UK Financial Services Firms Could Provide More Secure Services by Leveraging Phishing-Resistant Tech: Report

The United Kingdom has consistently taken a strong position on cybersecurity, “recognizing the need to drive awareness and responsiveness on a national scale,” according to an update from Hypr, the passwordless service provider.

It reportedly “established the National Cybersecurity Centre in 2016, has among the strictest security and data protection laws, and recently launched its £2.6 billion National Cyber Strategy.”

The tough stance “holds even more true for banking and financial services organizations, with additional requirements imposed by the Bank of England’s Prudential Regulation Authority (PRA) and international bodies, such as PCI-DSS.”

While these regulations are positive steps, “it means compliance ends up driving many security decisions — to the potential detriment of organizations and their customers.”

In a recent Ernst & Young survey, CISOs in the UK “named ensuring compliance as the most stressful element for their role, yet only 36% believe that compliance requirements focus on the right aspects of security.”

In fact, compliance requirements “typically lag far behind current attack landscape risks.

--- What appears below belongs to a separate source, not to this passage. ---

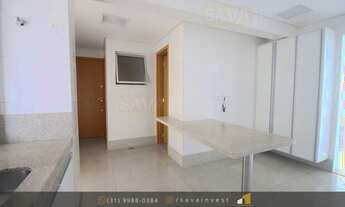 Imagem 7: Apartamento Garden com 4 dormitórios à venda, 140 m² por R$ 1.600.000,00 - Buritis - Belo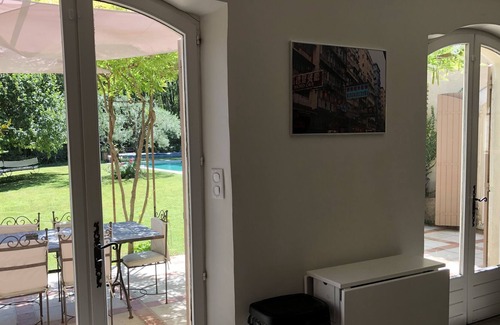 Provence House | House Luberon near Aix en Provence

Nowhere is this more evident than in authentication security.

HYPR and Vanson Bourne recently conducted a survey “on the authentication practices and security of financial services organizations in the UK as well as the US and Europe.” Results show the repercussions “of over-relying on regulations to drive cybersecurity infrastructure decisions.”

Overall, UK financial services organisations “report significantly fewer cyberattacks than other regions.” A full 18% say “they haven’t faced any cyberattacks in the last 12 months whereas the average rate is 6%.” Moreover, those attacks are “less likely to lead to a breach, at 80% for UK firms versus an average of 90%.”

However, this still “means that a full two-thirds of all UK financial organisations have been breached.” In fact, most have “been breached multiple times, to the tune of 3.1 breaches annually, on average.”

Moreover, the positive comparison “ends when it comes to authentication-related breaches.”

Looking at root causes, 95% of organizations “that were breached named credential misuse or authentication vulnerabilities as a factor in at least one breach.” This data indicates that authentication “remains the biggest point of weakness for financial organizations in the UK; regulations are simply not enough.”

The current authentication practices of financial services organizations in the UK is causing harm “to their business and their customers.”

Authentication-related breaches “cost UK firms an average of $1.71 million annually and led to other significant consequences including loss of business (26%), fines (30%), loss of customer data (26%) and loss of employee data (26%).”

Moreover, despite the negative impact, “only 32% of organisations in the UK changed their authentication practices after a breach.”

Compare this “to the U.S. where 44% took action.”

In other words, 68% of the financial firms that were breached are still vulnerable.

Digging in deeper, we see evidence “of persistent insecure practices when it comes to authentication and a strong suggestion that compliance-driven security may play a role.”

As noted in the update:

“While UK organisations deserve credit for doing a good job on the most egregious bad practices — for example, UK firms are 23% less likely than their global counterparts to authenticate with only a username and password (17% vs. 22%) — these seem to have been replaced by only marginally more secure authentication methods. Fully half of UK financial firms employ insecure 2FA technologies such as SMS and OTPs, compared to 32% globally.”

As mentioned in the report:

“The numbers make sense when you consider that regulations currently on the books mandate MFA, but do not distinguish between phishing-resistant passwordless MFA and legacy methods. If the last few years have taught us anything, it’s that standard MFA authentication methods offer little protection against modern attacks.”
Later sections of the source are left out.